One fellow novelist I met at a literature festival complained, only half in jest, that he had barely time to launder his underwear during the hectic festival season. He suffered from severe festival fatigue. Increasingly, whether one has a new book out or not, as an author one is expected to participate in the grand literary tamashas.
This trend was kicked off by the unprecedented success of the Jaipur Literature Festival. In its first edition, nine years ago, the Jaipur litfest apparently attracted a handful of visitors. This year the number of footfalls at Diggi Palace, where the festival is held over five days every January, is said to have been somewhere around 330,000 and the popular festival has spawned smaller editions of itself in the UK and the US. So just before going to Kolkata, I went to Jaipur, to enjoy the festival which brings together the biggest contingent of writers from India and abroad, including Nobel, Pulitzer and Booker winners, so much so that it has been given the moniker “the Woodstock of literature”. It is also the best curated festival – programs run on time and are moderated by hosts who have (mostly) read up on their subjects. Another charming feature of the Jaipur Literature Festivals are the turbaned chaiwallahs who serve a special ‘Diggipuri masala chai’ in clay cups.

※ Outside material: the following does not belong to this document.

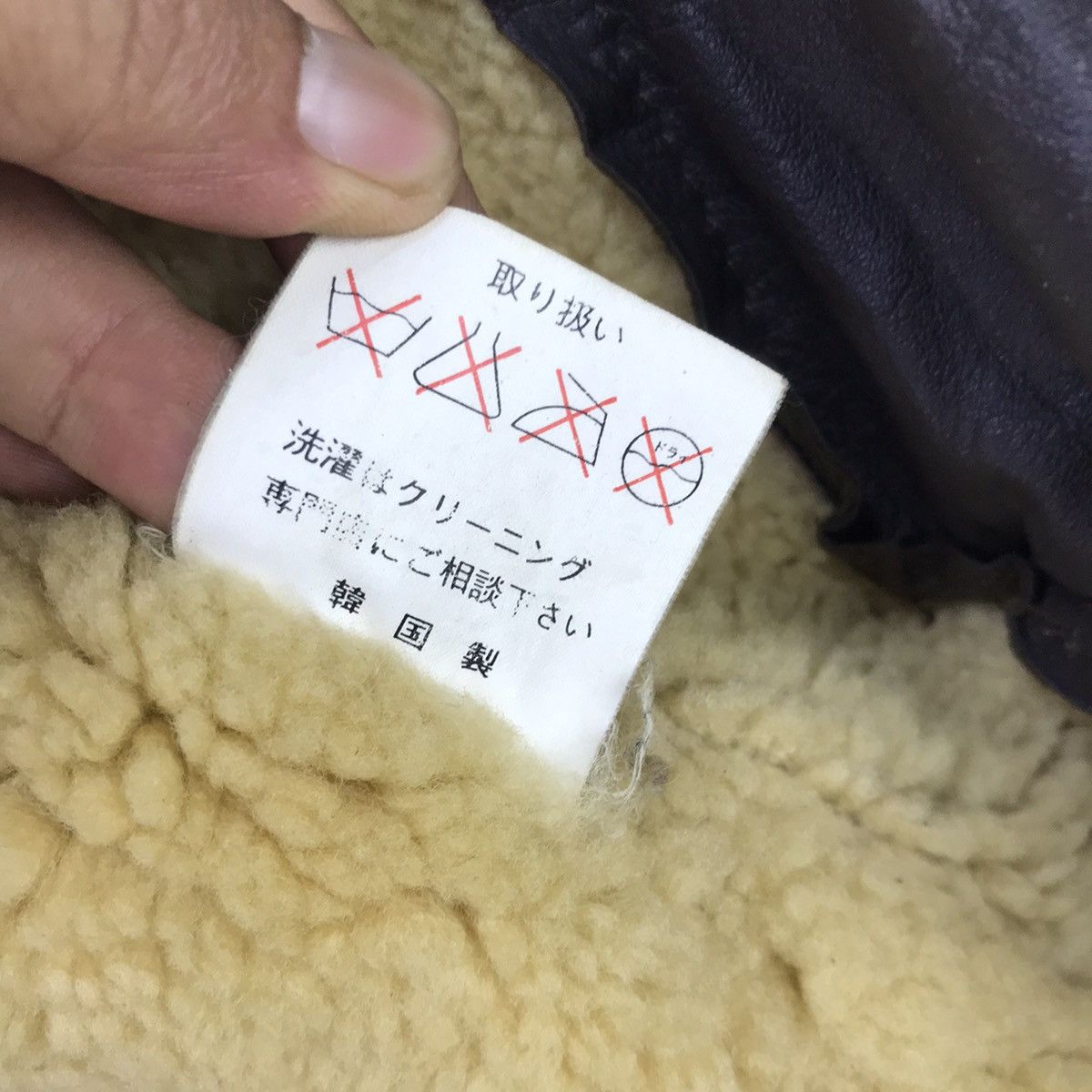Other Vintage B 3 Sherling Ride On Military Sheepskin Coat Size US S / EU 44-46 / 1 - 24 Thumbnail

The festival has a growing fan following. I met one dude who air-dashed from Bengaluru to Jaipur just to listen to his favourite author (who was making a rare appearance) and, a few hours later, air-dashed back to work again. At Jaipur’s railway station at night, students who travelled in from all over India to partake in the free festival but couldn’t afford to pay for hotel rooms, bedded down on the railway platforms to sleep.
Something about literature festivals seems to bring out the most extreme fanaticism in us book lovers. I too had my fan boy moment in Jaipur when I happened to walk past Alexander McCall Smith, and said hello to him, only to end up having a long chat, over cups of tea, on detective fiction in India which he was very curious about. In short, the literature festivals serve as a bridge, a wide and open one that crosses the gap between readers and their favourite authors.
If you bump into an author in the queue to the chai stall – which is rather likely at a star-studded event like Jaipur’s litfest – but can’t remember exactly what book he or she is famous for, the phrase that always works is: “Loved your latest.” Every author would like to believe that their latest book is their best! And if that doesn’t cut the ice, then you can just pretend that he or she is Goldie Hawn.